Uma noite histórica para o underground paulistano

Domingaço no Cine Joia, quando a Associação Cecília reuniu a nata do underground brasileiro atual para um evento histórico. O festival Cecilia Viva foi criado para arrecadar fundos para o renascimento da casa que fechou suas portas no ano passado por motivos de força maior e era um dos principais focos de resistência e criação da cena alternativa de São Paulo. E foi bonito ver o Cine Joia ir enchendo lentamente até praticamente lotar sua parte inferior para ouvir artistas que abraçam o risco e o experimento como matéria-prima de suas apresentações. O festival começou ainda de dia, com o show dos cariocas do Crizin da Z.O., que infelizmente não consegui chegar a tempo, mas consegui pegar o Test – que nunca tem erro. A dinâmica entre a guitarra e o vocal de João Kombi e a bateria de Barata é um casamento único que deixa o público com os nervos à flor da pele, de tanta tensão. Como a maioria das apresentações da noite, o Test fez um show curto e direto, sem espaço para descanso, deixando claro que esse clima – essencialmente paulistano – era a tônica do evento.

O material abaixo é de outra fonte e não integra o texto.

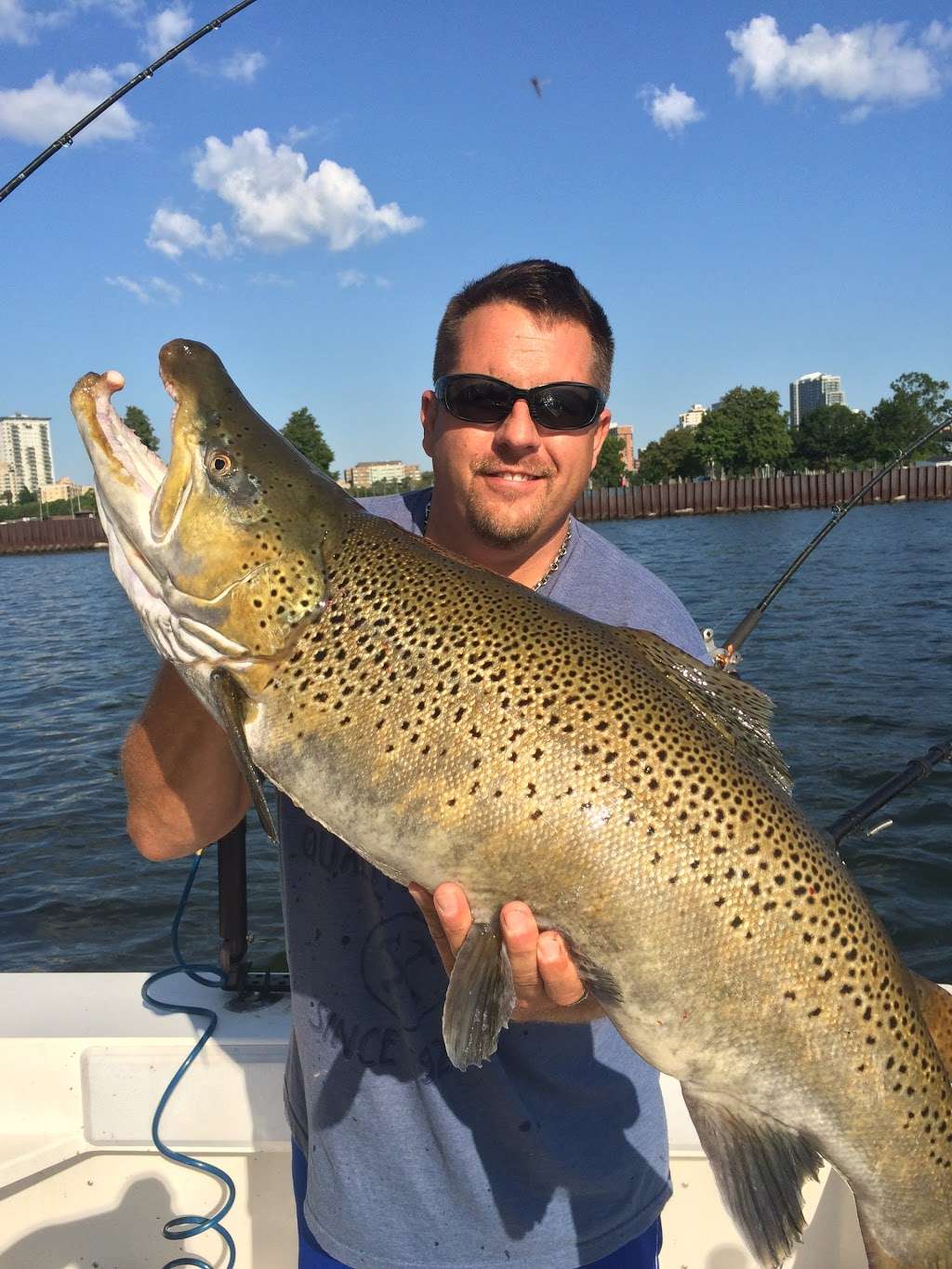 Reel Sensation Fishing Charters | 1750 N Lincoln Memorial Dr, Milwaukee, WI 53202, USA | Phone: (414) 384-8096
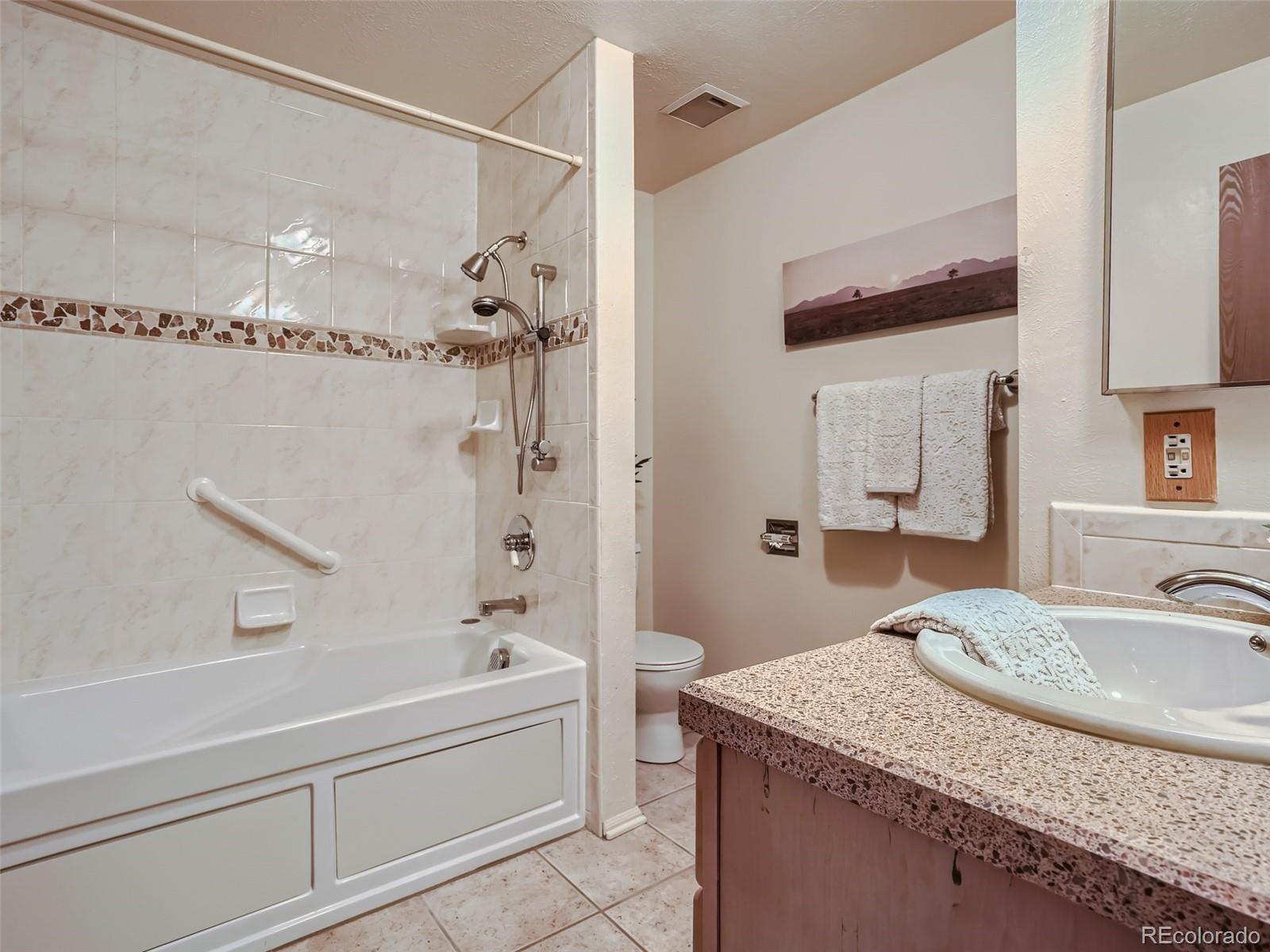 5565 W 76th Avenue Unit: 1201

Depois do Test foi a vez de Kiko Dinucci subir ao palco do Cine Joia para defender seu primeiro disco solo, Cortes Curtos, sozinho na guitarra. Houve quem se frustrasse ao perceber que o compositor de Guarulhos tocaria seu disco de 2017 sem banda, mas… Sinceramente? Nem precisava. Só o reencontro de Kiko com seu instrumento-base já seria motivo para comemoração (quanto tempo que ele não toca guitarra num show? Nem lembro mais…), mas o sambista-punk foi além e segurou boa parte das músicas de seu disco no clima tenso que instaurou-se no palco durante o festival: emendando uma música atrás da outra, sem conversa nem tempo pra respirar. E como é bom ver o Kiko na guitarra, principalmente quando ele liga o modo noise, invocando o espírito Glenn Branca para o contexto da vanguarda de São Paulo, misturando suas referências-chave (Lira Paulistana, punk rock e samba paulistano). Volta pro noise, Kiko!

No meio da noite, a referência rock ficou em segundo plano quando o DJ Nuts apresentou um set autoral, misturando bases de diferentes pontos da sua vasta coleção de música brasileira com vocais sampleados de rappers brasileiros, criando um clima pesado e tenso com o daquela noite de domingo. E ao trajar uma camiseta do clássico disco primeiro disco solo do ultramagnetic MC Kool Keith como Dr. Octagon (projeto criado ao lado do produtor Dan the Automator), Nuts deixou clara as intenções daquele set, que era menos para dançar e mais para entrar em nossas mentes enquanto mexia no inconsciente com samples levemente reconhecíveis e timbres vocais que todos conhecemos, numa apresentação que mostrou que, mesmo a Associação Cecília tenha nascido num contexto punk, sempre estava aberta a outras formas de experimentação musical.

Os Boogarins vieram quase no final do festival, puxando mais uma de suas sessões de cura e libertação, improviso extremo em que Fefel, Dinho, Benke e Ynaiã passeiam por diferentes recônditos de sua psicodelia brasileira como se estivessem compondo músicas na hora – e enfatizando, como Dinho sempre diz, o poder de cura da música. Os goianos abriram uma exceção para aquela sessão específica e até tocaram músicas num formato mais tradicional, mas sempre abrindo pontes instrumentais em que poderiam voar para onde quisessem. Sempre lavam a alma.

Mas a noite era delas. O reencontro de Paula Rebelatto e Carla Boregas no palco do Cine Joia não foi a primeira atração a ser anunciada do festival à toa – era o primeiro show das Rakta em cinco anos (!!!) e, acompanhadas pela bateria absurda de Maurício Takara, integrante da formação mais recente do grupo, as duas mostraram que não tinha pra ninguém. O surto elétrico de noise e pós-punk das duas acabou por sintetizar a expectativa da noite, reunir o maior público e eletrizar corações e mentes com seu ritual mágico único, que faz uma falta danada pra noite de São Paulo e pra cena underground brasileira. O final perfeito para uma noite histórica para o underground paulistano. Quem foi sabe.